Getting Started With Google AdWords

I had a question come in today about some best practices for Google Adwords so here’s some basics that I follow, I’d be interested in anything that people have to add.

For those who have no knowledge of this you should swing over to the official google adwords blog and check out their learning center.

For selecting keywords start with the logs for the client’s website, you should have a nice assortment of keyphrases there to begin working with. The key is to have as many variations as possible, without any duplicates. In all of my testing google gets angry at duplicates and leaves you out in the dust.

The real gold lies is phrases of 3 words or more, you should be able to get these at much cheaper prices than single or two word phrases. Don’t be afraid to go 6 words or more, the more specific and relevant you get, the better your odds at highly qualified traffic at very low prices.
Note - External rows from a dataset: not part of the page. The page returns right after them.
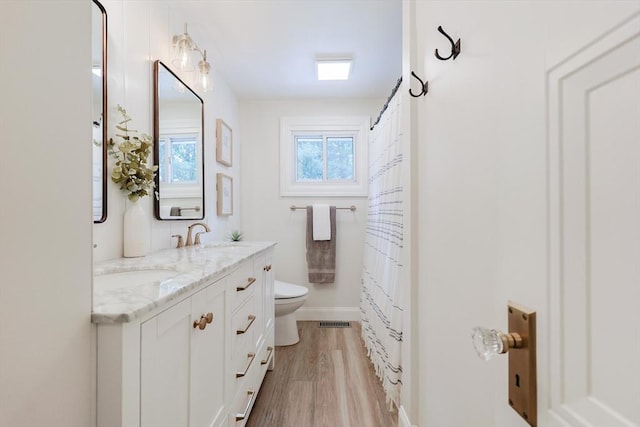 29 Regal St, Holliston, MA 01746 - bathroom with toilet, double vanity, wood finished floors, and curtained shower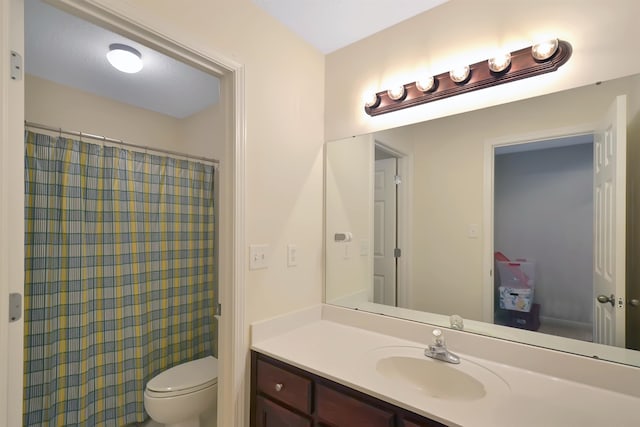 bathroom with vanity, toilet, and a shower with curtain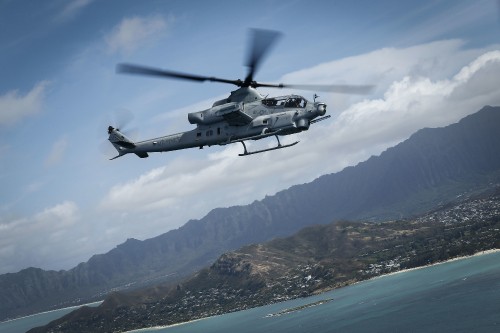 Image black and white helicopter flying over the mountain during daytime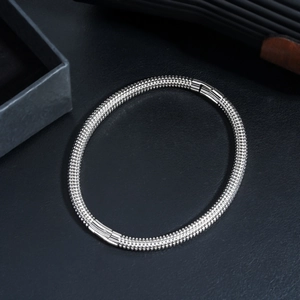 Detailed close-up of textured stainless steel multi-layer bracelet on black leather base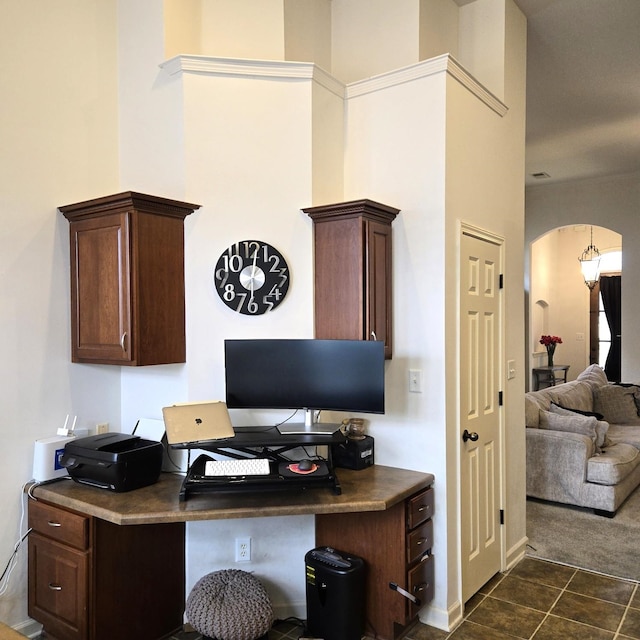 home office featuring arched walkways, dark tile patterned flooring, and dark carpet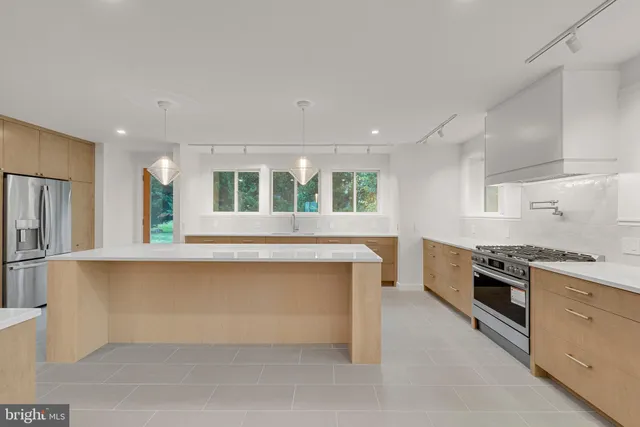 a large white kitchen with stainless steel appliances granite countertop a stove and a sink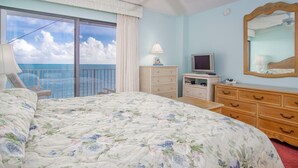 Un dormitorio con cama, cómoda, televisor, espejo y vista al océano.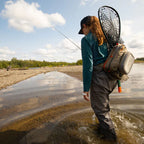 Fishing angler wearing a Fishpond Summit Sling Pack 2.0 while wading a river.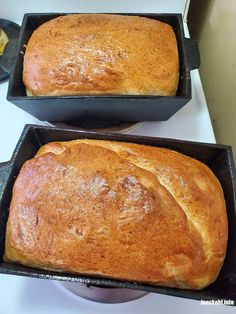 two loafs of bread sitting in black pans on top of a white counter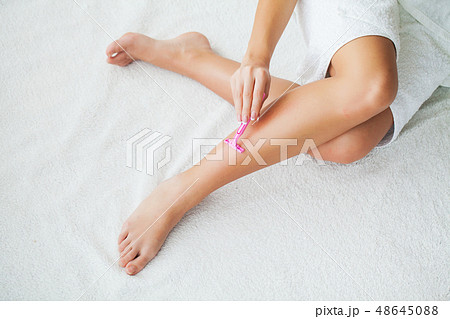 Caucasian woman shaving legs with razor at home 48645088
Adwords has its own keyword generator to help you find related phrases. You should leverage that. There are some other paid services I’ve used but keep in mind that the algorithms used by google’s keyword generator are probably very close to the same logic used in the engine. Or to put it a better way – all other keyword generators want you to pay for the service they provide, google is giving you the service so you will do more business with them – who’s got the inside track?

I think this will be one of the critical value-adds you can give to your client. You should even interview the client’s customers to try and get the language as accurate as possible. You have 2 options – spend 100 hours uploading every variation of keyword to find the 3 good ones, or spend 10 hours with the client and try a shorter, more accurate list of 50 and maybe get twice that in good phrases. The days of shotgun phrases are numbered, you need to become an intelligent sniper.

The single most important tip I can give you is to use the Adwords Editor tool for all the heavy lifting rather than messing around with the web interface. Make all your changes in one shot and upload them as a batch.
Bidding is another tough area – some key principles. Odds are your conversion rate is going to be less than half a percent so multiply the bid by 20 and ask your client if they are willing to pay that per lead. If they don’t choke on their own tongue then proceed. You probably want to bid to come in on page 1 so price accordingly.

You pay less if your ad quality is good so work hard to keep your click through rates above half a percent.

Test at least three versions of ads for both clicks and conversions and keep promoting the champions, this keeps the overall program price down.
Test out the content network, especially now that you can select the individual sites you advertise on. I’ve found these to not be effective as the search results pages but they do get your name out there for whatever that’s worth.

If you are lucky enough to be working in a fixed geographic area, adjust your campaigns accordingly. Controlling day of week and time can also help weed out some of the click-crap.